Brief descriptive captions
__________________________________________________

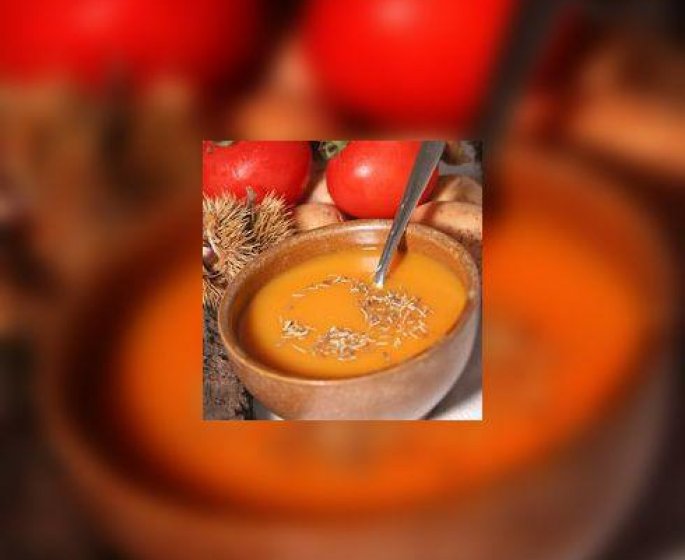 Mange ta soupe !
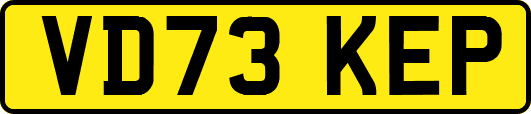 VD73KEP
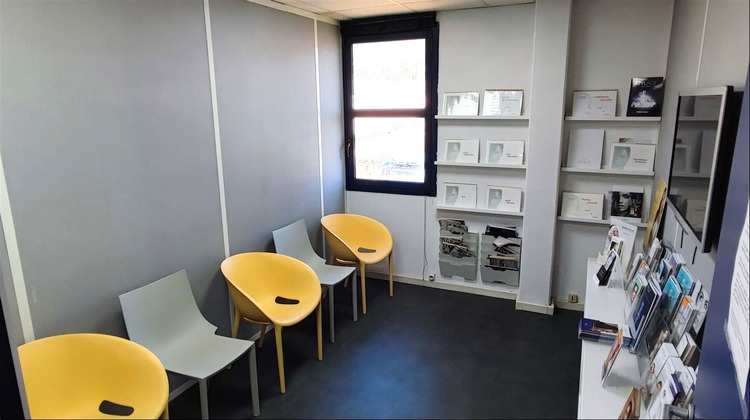 Ma-Cabane - Vente Local commercial La Garde, 92 m²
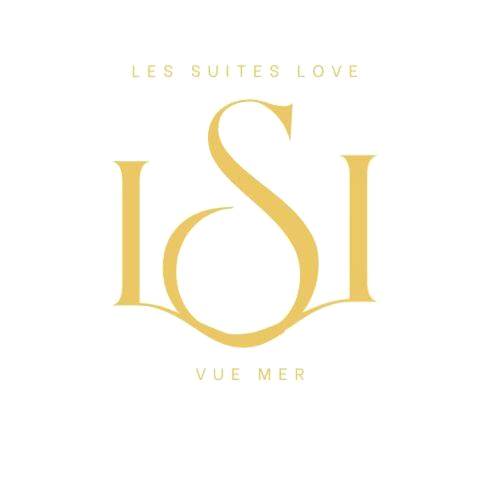 Photo du logement - LES SUITES LOVE 1 SPA VUE MER PISCINe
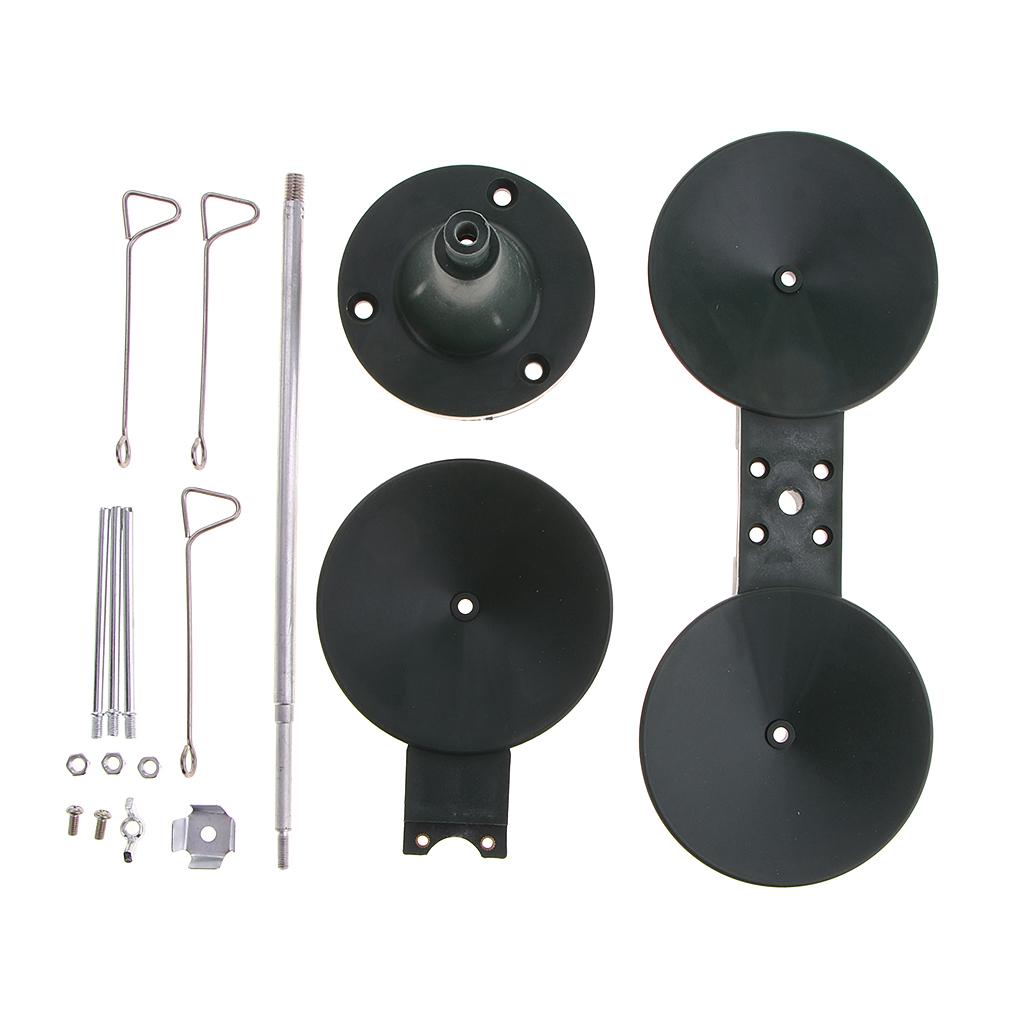 3 катушки для швейной машины, держатель ниток, подставка, органайзер для вышивки, инструменты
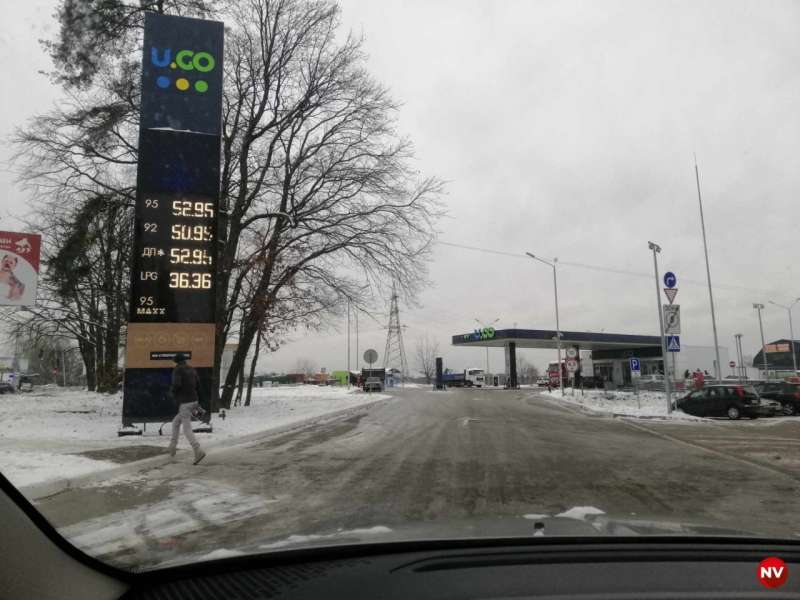 Ціни б’ють рекорди. Чому скраплений газ дорожчає і зникає з АЗК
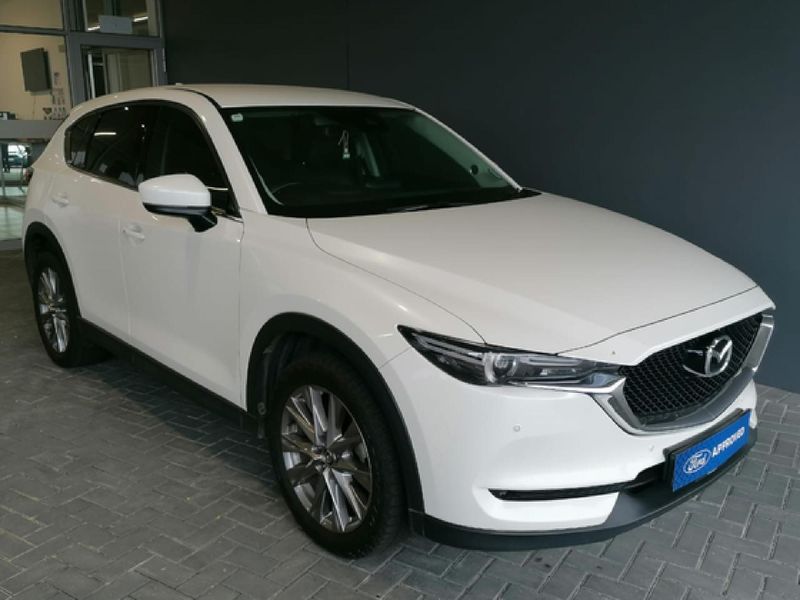 Used Mazda CX5 2.0 Individual Auto for sale in Western Cape Cars.co.za (ID9744285)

__________________________________________________

- What you will do -
Could the entries above be copied out exactly, with no pictures included?

- Written reply -
 Mange ta soupe !
 VD73KEP
 Ma-Cabane - Vente Local commercial La Garde, 92 m²
 Photo du logement - LES SUITES LOVE 1 SPA VUE MER PISCINe
 3 катушки для швейной машины, держатель ниток, подставка, органайзер для вышивки, инструменты
 Ціни б’ють рекорди. Чому скраплений газ дорожчає і зникає з АЗК
 Used Mazda CX5 2.0 Individual Auto for sale in Western Cape Cars.co.za (ID9744285)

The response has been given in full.